EXERCISE REQUIREMENTS: Please produce an exact transcription of the lines from the one containing "Blairgowrie Bella - Light" through the last line of the entries, leaving out every picture.

DATASET EXTRACT Start Marker

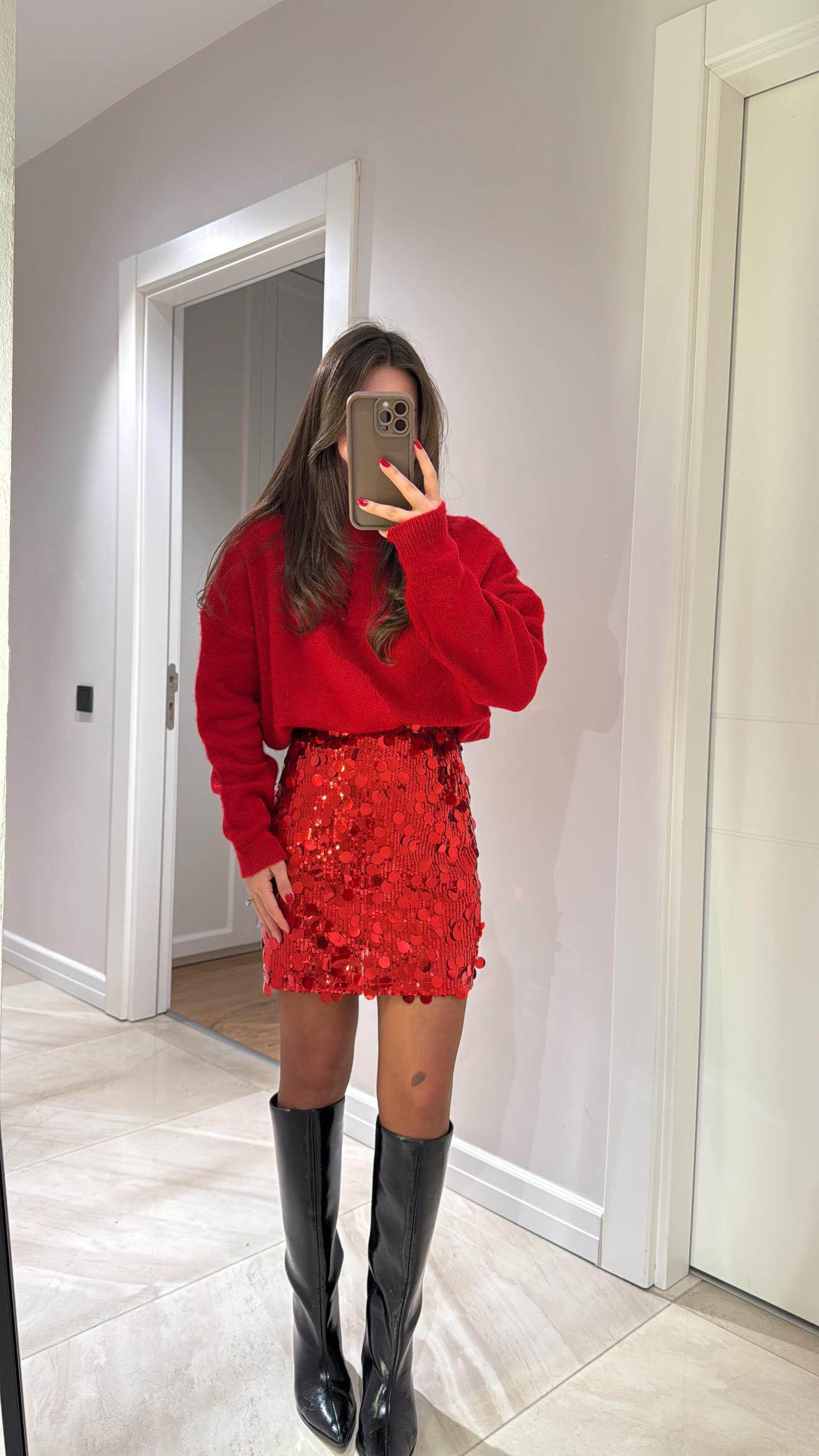 Kırmızı Renk Büyük Payetli Marka Model Etek 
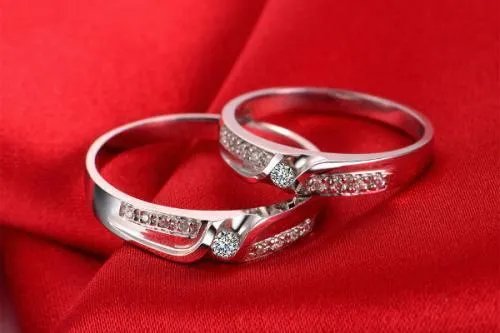 结婚两年是什么婚 结婚两周年怎么过浪漫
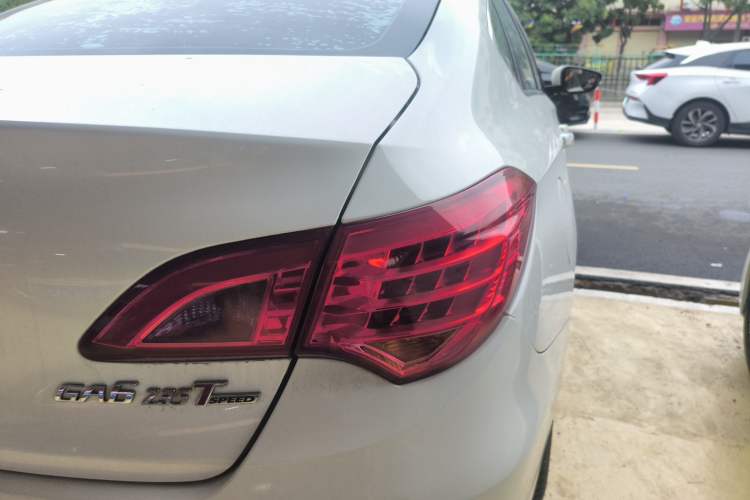 Used GAC Trumpchi GA6 2016 235T DCT Luxury Edition
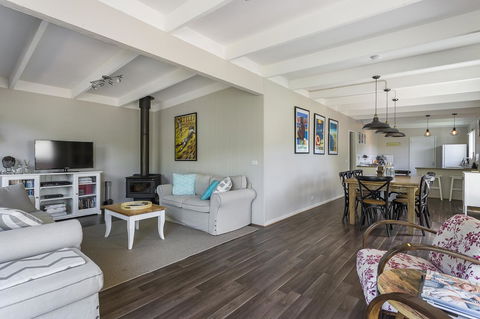 Blairgowrie Bella - Light Filled Home With Great Deck - Phillip Island Accommodation 2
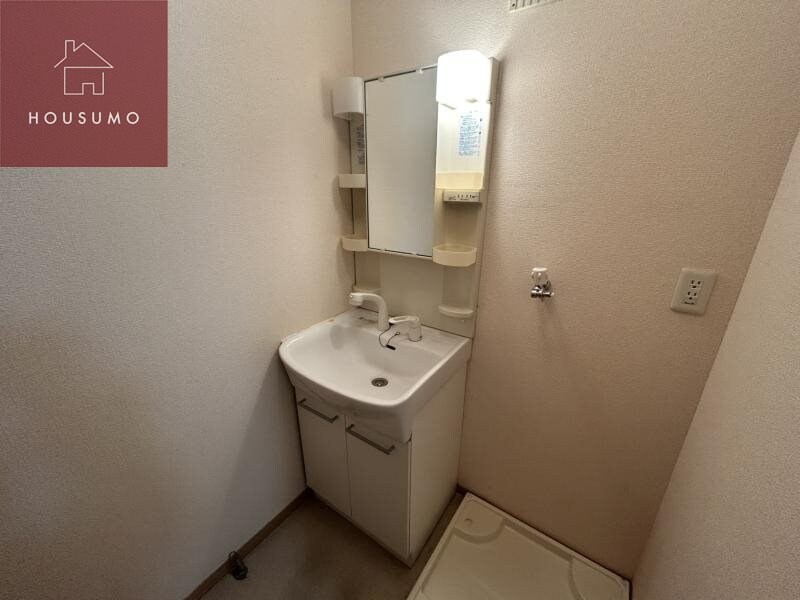 物件内観写真19　(朝の支度にも助かる、独立の洗髪洗面化粧台)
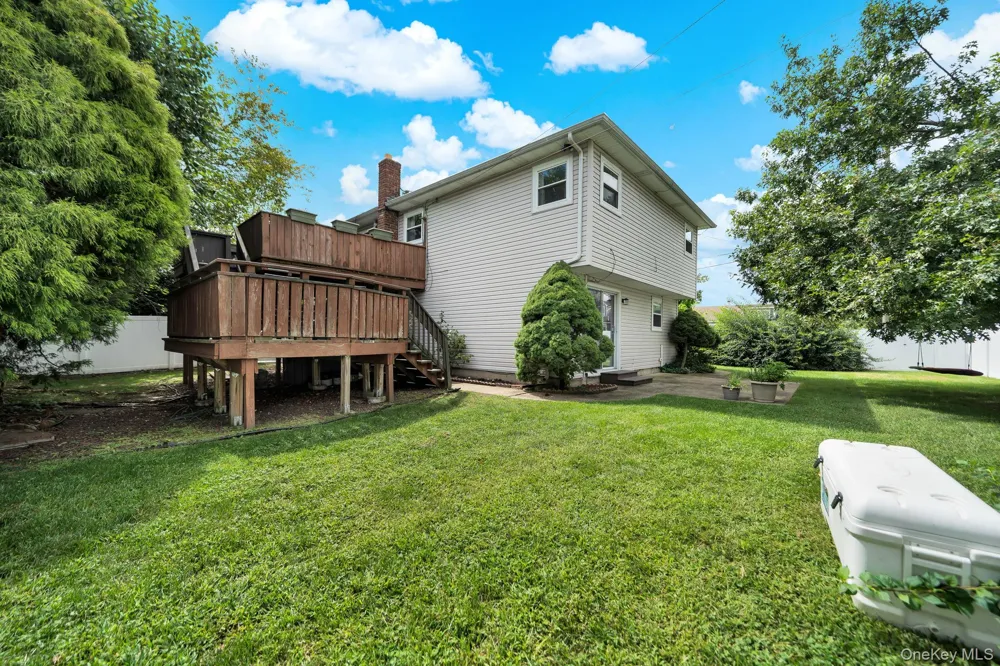 285 Oak Street Massapequa, NY 11758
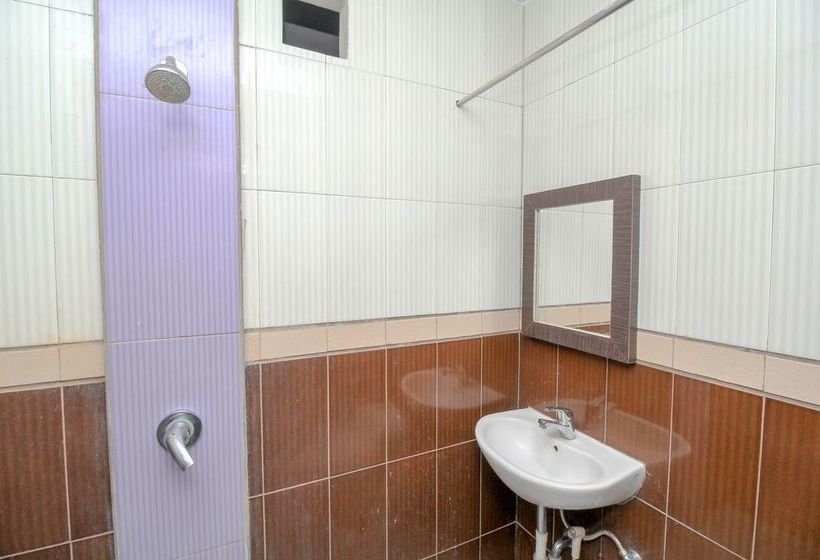 Пансион Airy Mataram Cakranegara Bangau Lombok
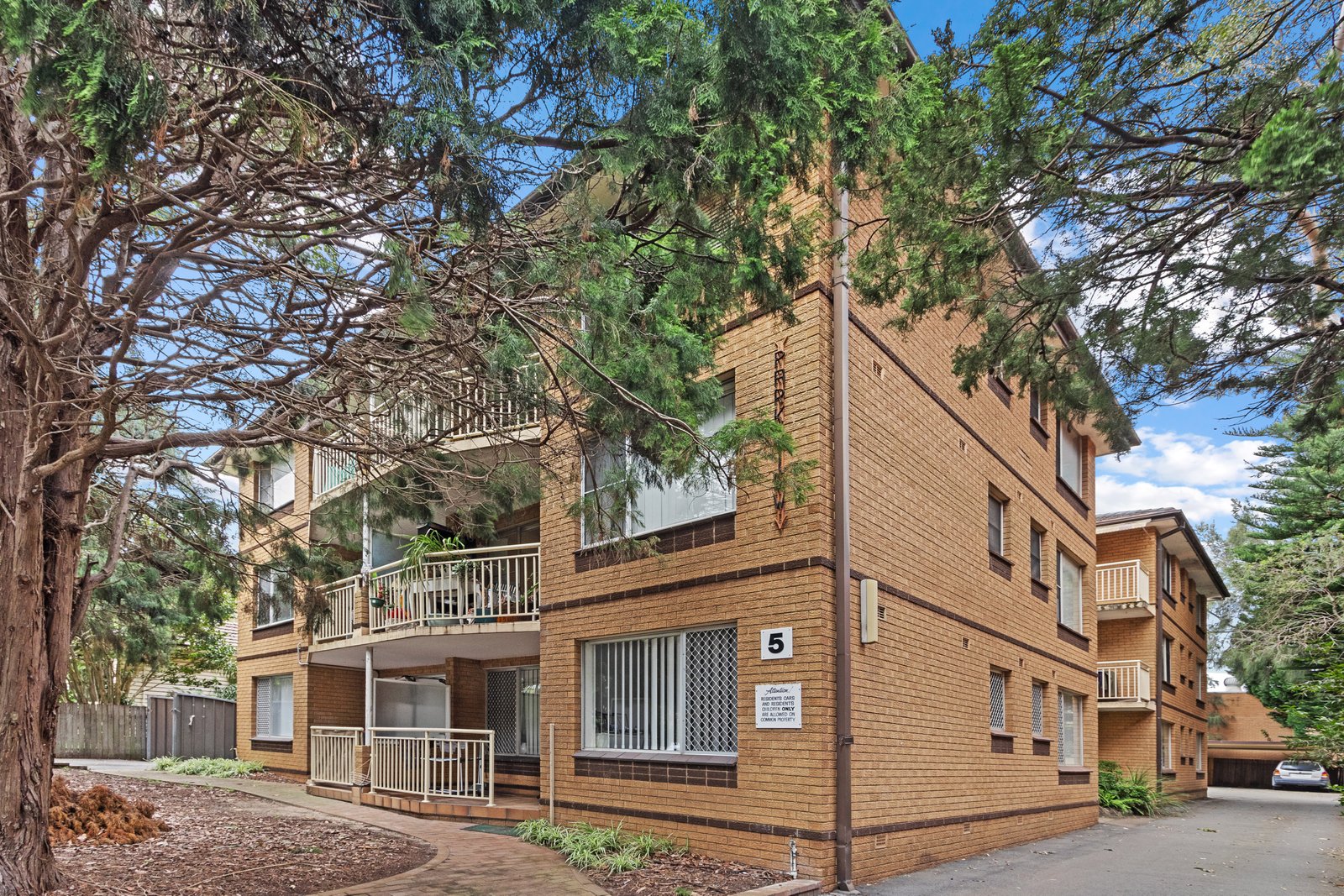 9/5 Cambridge Street PENSHURST 1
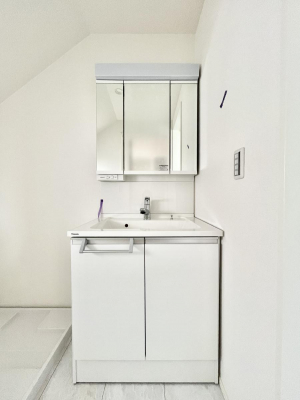 ʑEʏ@傫₷OʋŐʑ́AgȂ݃`FbN┧̂ɂ߂łB 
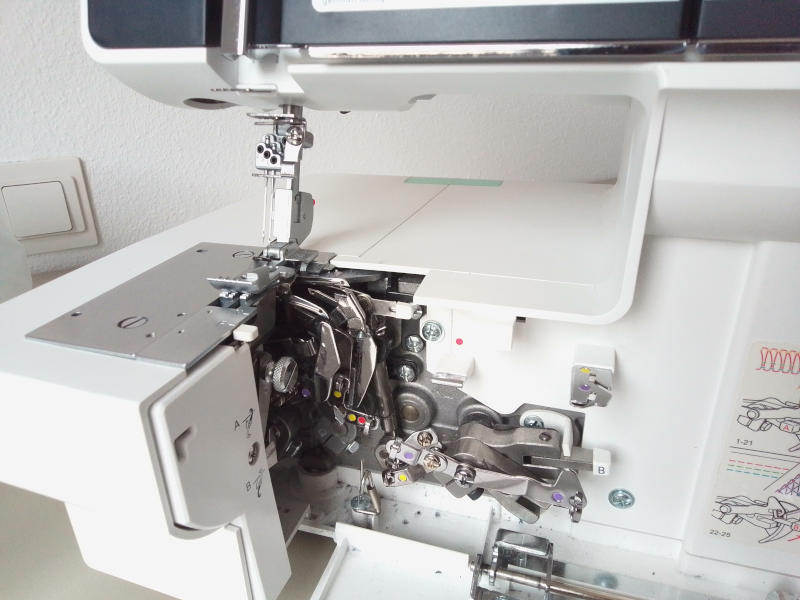 máquina overlock o remalladora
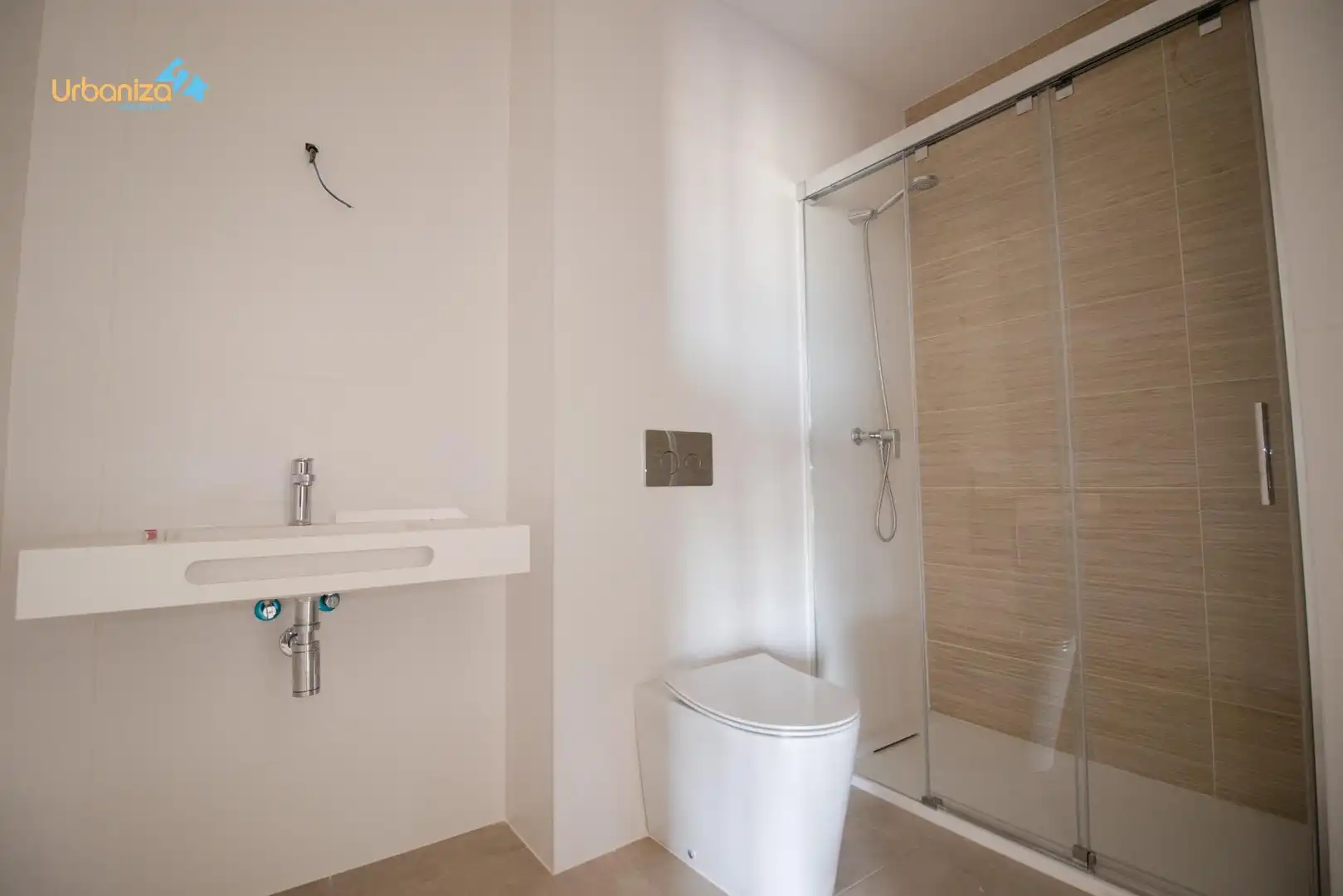 Bathroom of Flat for rent in Badajoz  with Private garden, Terrace and Community pool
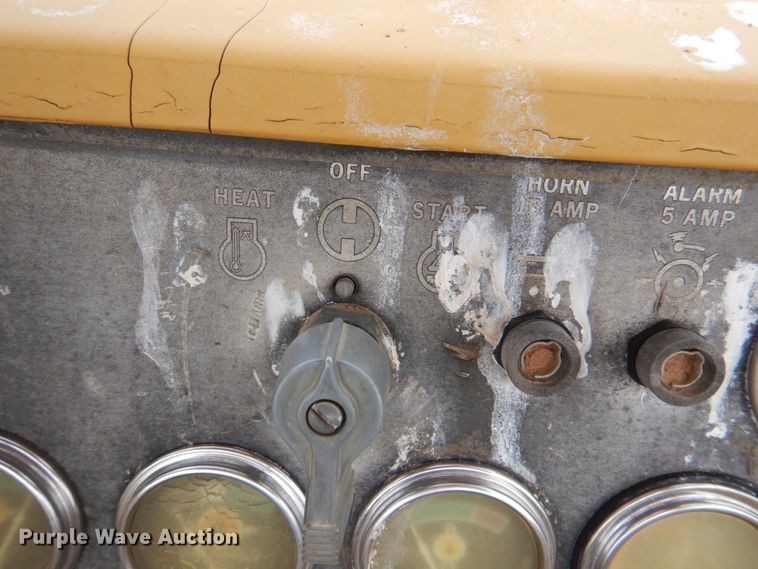 image for item KQ9658 1978 Caterpillar 977L  track loader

DATASET EXTRACT End Marker

OUTPUT:
 Blairgowrie Bella - Light Filled Home With Great Deck - Phillip Island Accommodation 2
 物件内観写真19　(朝の支度にも助かる、独立の洗髪洗面化粧台)
 285 Oak Street Massapequa, NY 11758
 Пансион Airy Mataram Cakranegara Bangau Lombok
 9/5 Cambridge Street PENSHURST 1
 ʑEʏ@傫₷OʋŐʑ́AgȂ݃`FbN┧̂ɂ߂łB 
 máquina overlock o remalladora
 Bathroom of Flat for rent in Badajoz  with Private garden, Terrace and Community pool
 image for item KQ9658 1978 Caterpillar 977L  track loader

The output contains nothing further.